The "Management" is a section for system librarians to maintain, add information to, and renew the whole system. It is divided into "Single Lexicon Data", "Word–Class and Content Category", and "Dictionary Management". Dictionary includes "Pre–Qin biographical Database" and "The Annotation of the Origins of People History". It enables the librarians to add, delete, and modify the system through web. Also, it is convenient for the system librarians to batch modify the record of the lexicon under specific circumstances. Because the related metadata of utensils are from the "Corpus of Bronze Inscription and Bronze", to maintain the coherency and to speedup the search, the system librarians can batch analog the toponyms in GIS, and prerecord the results. Figure 1. shows the structure of the system.
the struct of LBB
Figure 1. The struct of LBB.

3.The Anticipated Difficulties and Future Development
Fornmal variation is an important characteristic of archaic Chinese characters–it is a common phenomenon before the Qin dynasty unified the writing system. The position and the number of the particles (部件) vary (The structural units of a Chinese character are called particles.) . Here is an instance. In Corpus of Shang-Zhou Bronze Inscription, the word "bao 寶" appears about 3,000 times and there are about 40 different ways to write it (See Figure 2.) . To represent a bao character of a chapetr of bronze inscription is a great headache for students of Chinese antiquities. In the past, there were five different ways to solve the problem of a missing character (缺字): use black dot (e.g. ● ) ) to represent a missing character, leave it blank and use handwriting on printouts, create personal font sets of missing characters, adding or omitting particles (e.g. 吉加吉=「」) ) on system font characters, and using a paint software to draw a missing character.

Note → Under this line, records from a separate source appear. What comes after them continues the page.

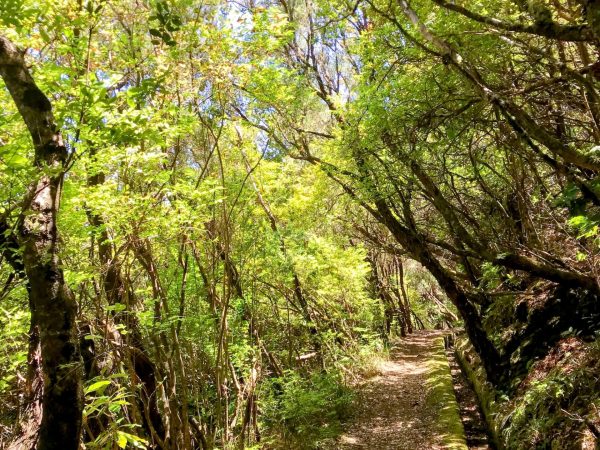 albano-aktiv-hike-lombo-do-mouro-13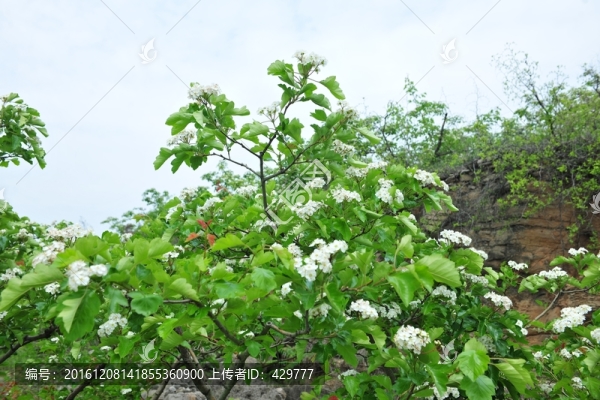 山楂樹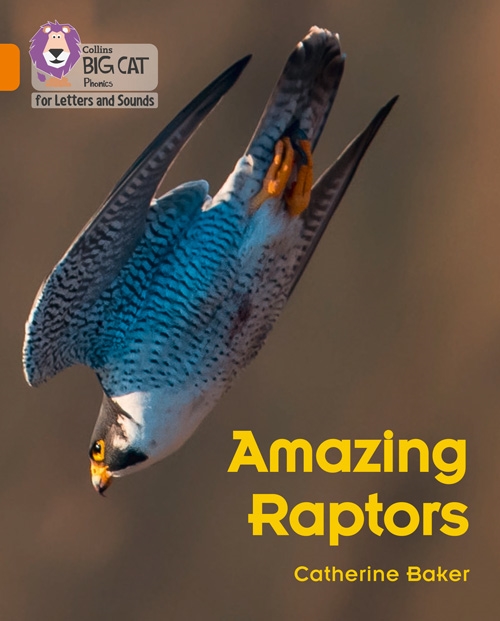 COLLINS BIG CAT AMAZING RAPTORS
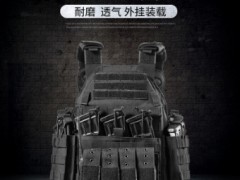 户外战术背心 多功能野战战术马甲 运动装备 厂家批发图3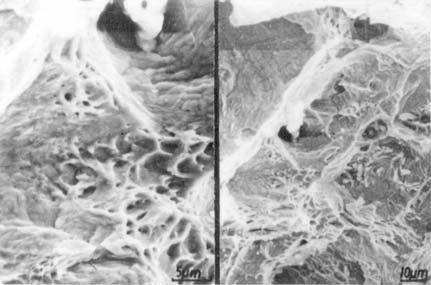 Bild 7: Makrodarstellung der Bruchfläche des Endrings Bild 8: interkristalliner Bruch in der
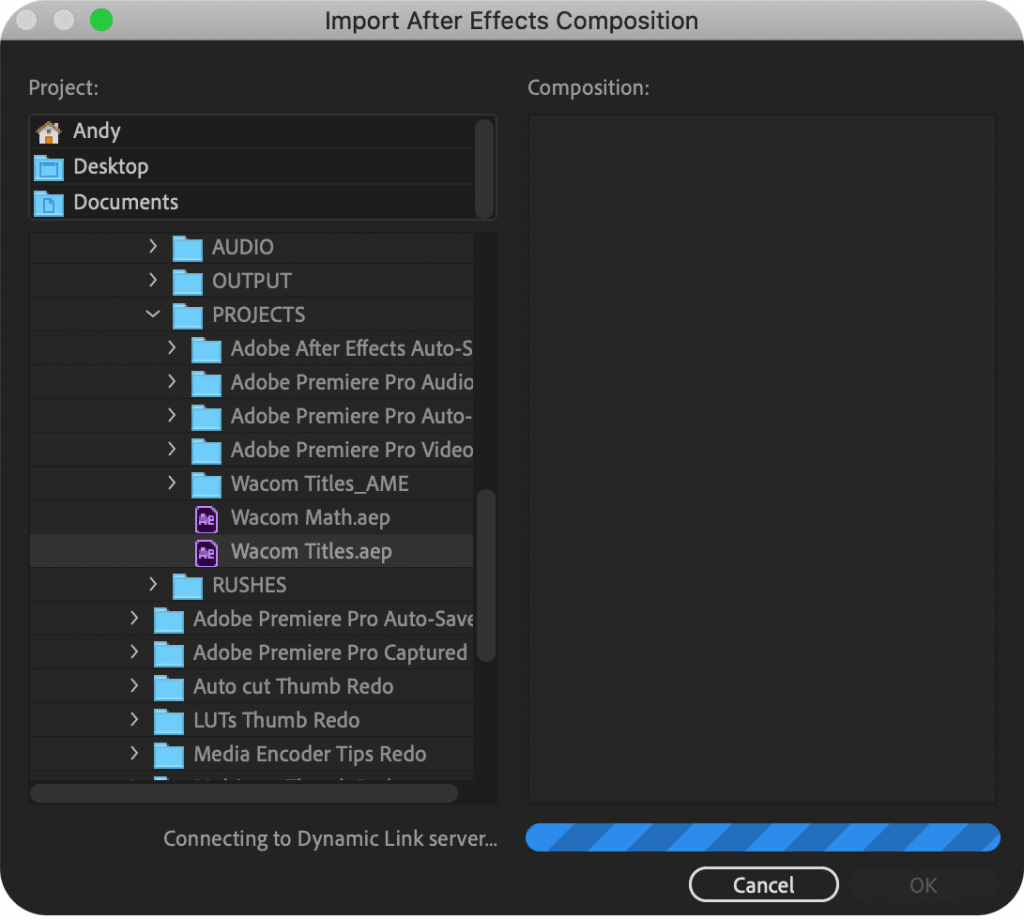 Adobe Dynamic Link Connecting to Server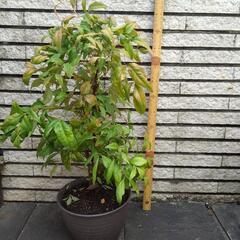 オタフクナンテン　植木　あげます　２株
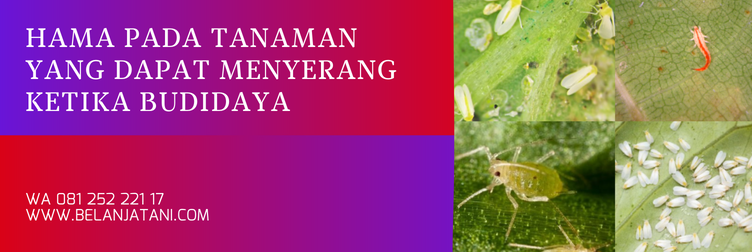kelebihan insektisida pegasus, fungsi insektisida pegasus, insektisida pegasus 500 sc, bahan aktif insektisida pegasus, insektisida bahan aktif diafentiuron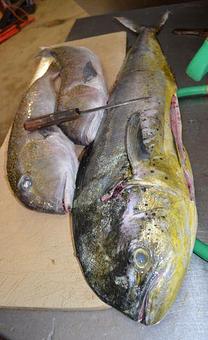 Product - Mt. Pleasant Seafood in Mount Pleasant, SC Seafood Restaurants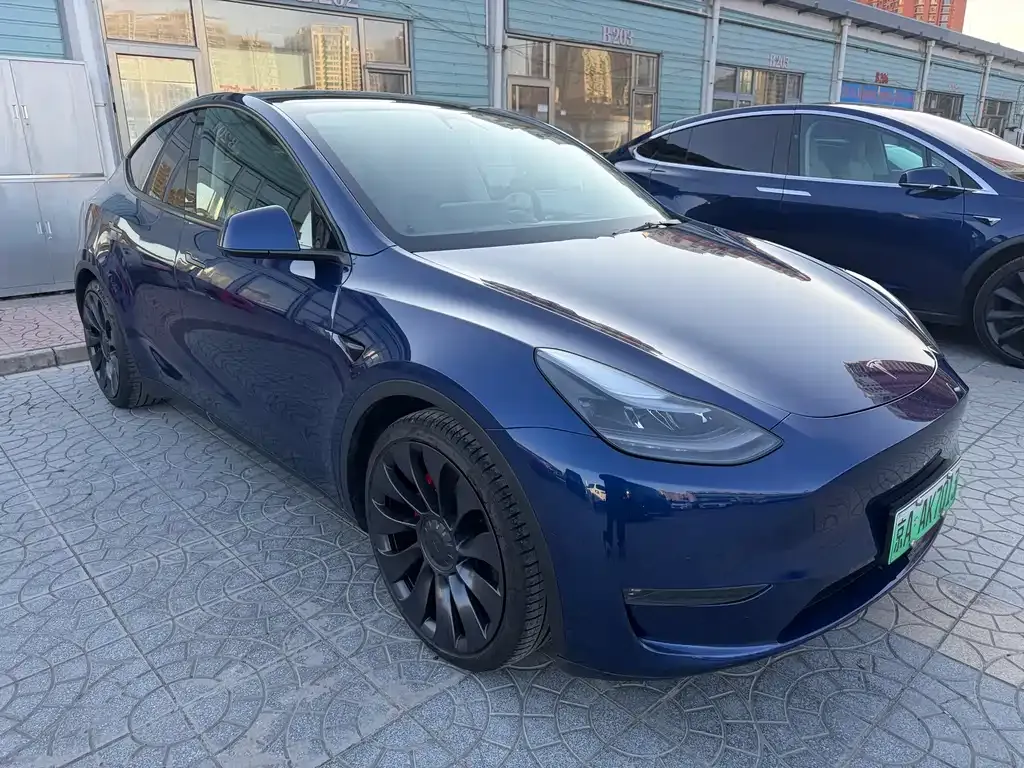 Tesla Model Y — фото 9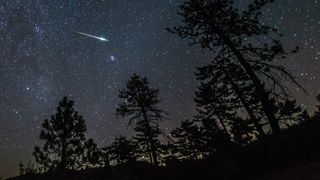 meteor streaks above tree silhouettes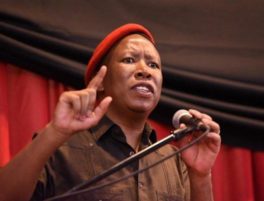 Julius Malema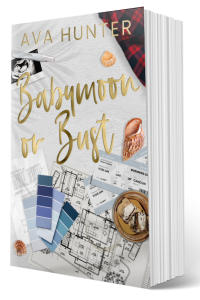 Babymoon or Bust cover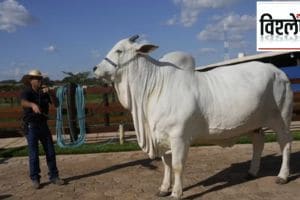 most expensive cow sold for Rs 40 crore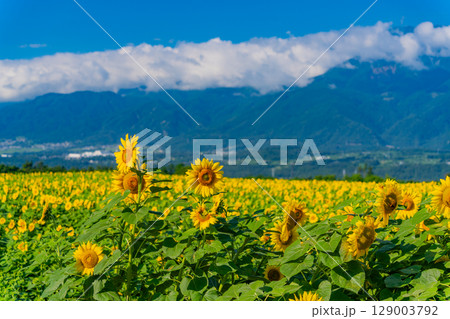 【山梨県】北杜市明野サンフラワーフェス・後方は南アルプス 129003792
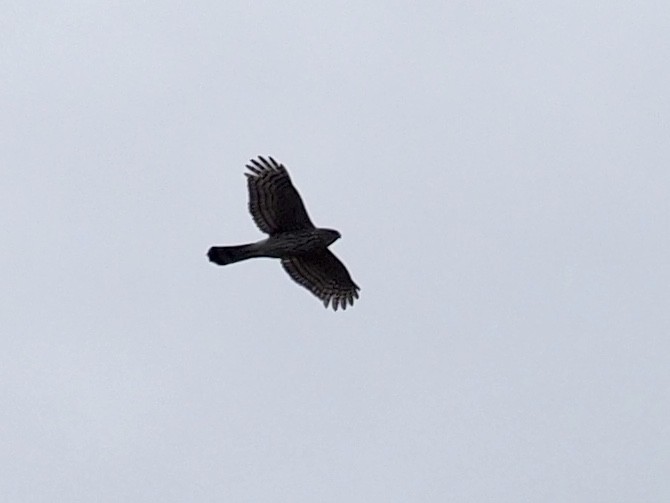 Cooper's Hawk - ML330117071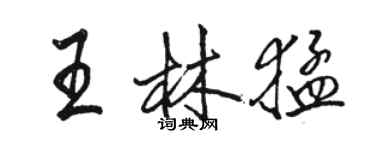 駱恆光王林猛行書個性簽名怎么寫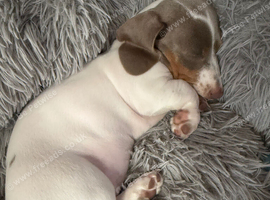 Miniature Dachshund puppy Girl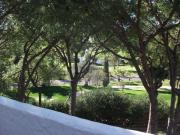 Ático en Venta en Casco Antiguo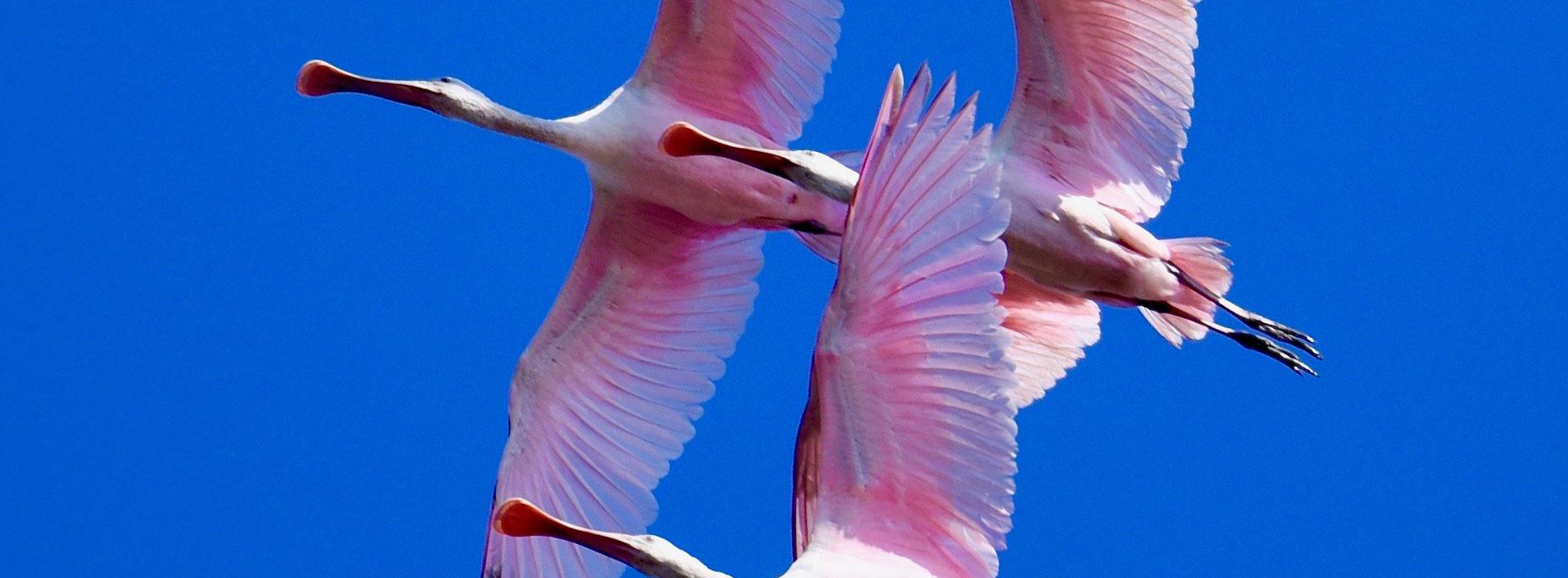 Edisto Beach Roseate Spoonbill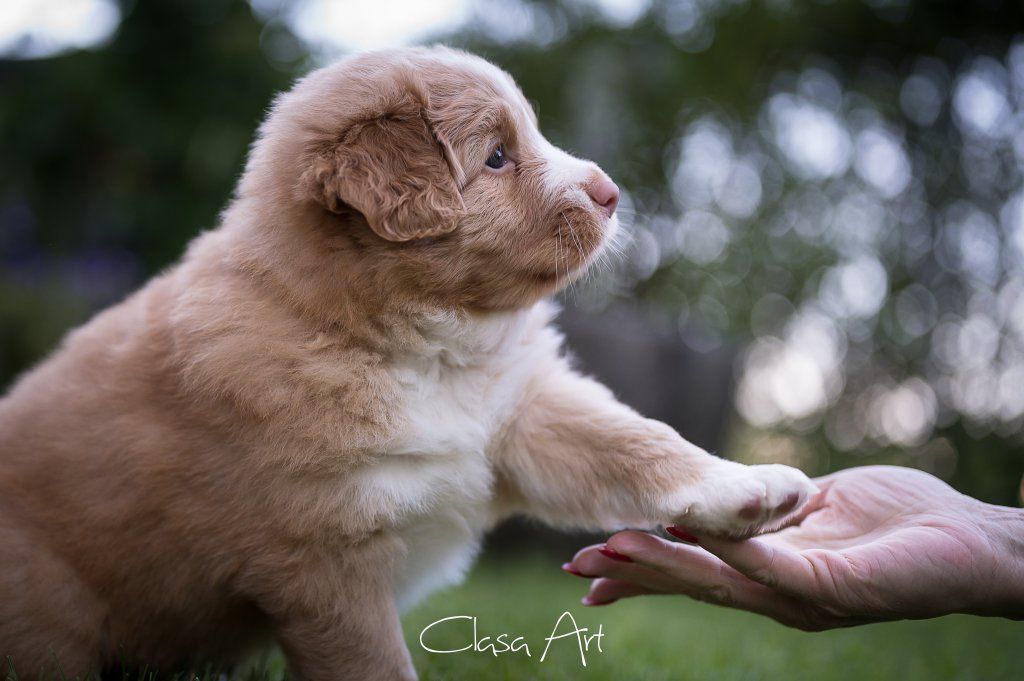 Passion And Fire NSDT Retriever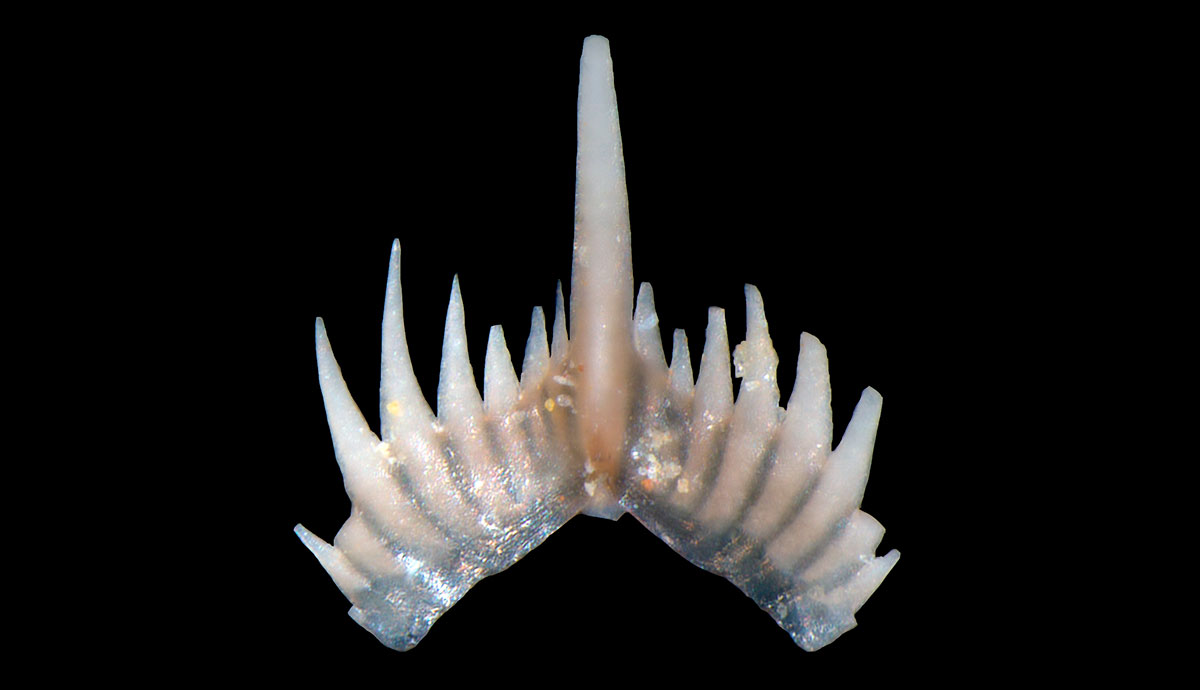 A row of sharp, tooth-like structures belonging to a conodont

Figure 2. There are different ways to write 寶 in Corpus of Shang-Zhou Bronze Inscription

The Chinese Document Processing Laboratory (CDPL) under the Institute of Information Science of Academia Sinica in the "Intelligent Character Encoding(智慧型文字編碼) Project" developes a new tool to deal with the missing characters. With the particles (in a normal font set or additional particle set) and signs signifying the position of the particle in a compound character (ie. the missing character), a missing character will be constructed automatically by a software. Users can browse and search missing character in a regular internet environment and use Microsoft Offices as editors for missing characters. In addition, the CDPL provides "Glyph Database User Interface ( GDUI, "Glyph Database User Interface" (漢字構形資料庫操作界面)", which provides users the access to materials such as Xiao Zhuan (standardlized seal script) and database of missing characters. Incorporated with CDPL, LBB also tries to display missing bronze inscription characters through Intelligent Character Encoding system. Representing the bronze inscription characters is a completely different problem from that of representing Xiao Zhuan characters. The same character in Xiao Zhuan or in later Chinese is represented differently in different chapters of bronze inscriptions, meaning one character has more than one logograph in bronze inscription font (or fonts). However, the same analytical method can be used to analyze bronze inscription characters, because the principle of character construction is the same for both later Chinese characters and bronze inscription characters. Most of the bronze inscription characters can be analyzed and represented as particles and relational signs with the addition of some new particles. There will be a small number of characters on which only part of the character is recognizable. In GDUI, the recognizable part will be used as particle, and as a mean to find the character. Finally, there are characters which are completely unrecognizable. The only way to fond these character is looking for the appendix which will includes all uncognizable characters arranged by the number of strokes.
     LBB staff is willing to share the results of their laborious work with scholars around the world. The databases and tools developed by the team will shorten the time of research and make possible the access of pre–Qin for the general public.